キアラ


イタリア映画祭にて観賞、2022年イタリア・ベルギー、スザンナ・ニッキャレッリ監督作品。2020年の『ミス・マルクス』に続く伝記もの(その前作は未見)で、「女性の修道会のための会則を書いた最初の修道女」聖キアラの物語。

「お前はわたしのものだ」と連れ戻しにきた父親に髪を切った頭を見せ追い返した後(この父は伯父に言わせれば「優しすぎ」で妹など殺されそうになる)、「父親」的な存在のない共同体の皆で並んで歌い踊るミュージカル的場面の素晴らしさ。これはまず「対等」を恐れることへの抵抗の物語である。それを進めんとするキアラ(マルゲリータ・マッズッコ)がすごいパワーを持っておりどうしたって畏怖されもするというのが辛い。女の中にももちろん対等さに不慣れな者がおり、キアラ様に足を洗わせるなんて…と混乱したあげく頭を蹴飛ばしてしまうなんて一幕が面白い。

俗語で読んではいけないという聖書の内容を食事中に隣の仲間から口頭で聞きいい話だよねと自身を登場人物になぞらえて想像する、キアラの明朗さ。それがフランチェスコアンドレア・カルペンツァーノ)から女は旅に出てはいけないと言われた晩には自分の口にできないモロッコの「スポンジパン」をむさぼる彼の夢を見る。神の恵みのオイルとパンはむなしく、楽しい想像はもうできない。
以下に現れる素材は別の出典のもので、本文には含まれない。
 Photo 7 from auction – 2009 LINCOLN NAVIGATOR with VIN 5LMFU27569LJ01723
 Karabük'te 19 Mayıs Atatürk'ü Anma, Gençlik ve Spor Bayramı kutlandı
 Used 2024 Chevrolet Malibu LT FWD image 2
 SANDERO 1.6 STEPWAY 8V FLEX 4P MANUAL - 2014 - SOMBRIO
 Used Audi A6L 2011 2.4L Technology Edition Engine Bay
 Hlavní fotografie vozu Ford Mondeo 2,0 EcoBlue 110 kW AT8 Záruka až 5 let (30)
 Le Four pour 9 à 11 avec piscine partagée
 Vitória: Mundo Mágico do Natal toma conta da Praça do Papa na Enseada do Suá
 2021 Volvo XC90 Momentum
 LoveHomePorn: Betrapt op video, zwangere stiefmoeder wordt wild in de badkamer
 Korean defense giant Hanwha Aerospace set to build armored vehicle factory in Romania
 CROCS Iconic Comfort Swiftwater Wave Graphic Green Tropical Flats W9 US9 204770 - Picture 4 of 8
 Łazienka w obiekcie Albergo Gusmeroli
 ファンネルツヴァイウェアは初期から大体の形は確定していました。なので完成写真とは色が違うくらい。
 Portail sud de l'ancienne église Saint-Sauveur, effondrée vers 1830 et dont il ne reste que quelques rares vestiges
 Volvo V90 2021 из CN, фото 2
面白いのがこれまでは表立っていた聖フランチェスコの描写で、今の女からすれば、女性のこととなると突然差別的になるといううちらが見慣れに見慣れた男なんである。そもそも「誰かを守るためには権力者にならねばならない、おれは権力者になりたくないから兄弟皆を守れない」との彼の考えは結局権力者の裏返し、皆で「小さき姉妹」として生きようとするキアラとのすれ違いが悲しい。しかしそんな彼も愛すべき人として描かれている。姉妹のために俗語で読んでやって、に加え彼の手による会則も読んだ翌朝、それまでの孤独がほとばしったキアラは思わず彼に抱きつくのだった。私はあの場面いいなと思った。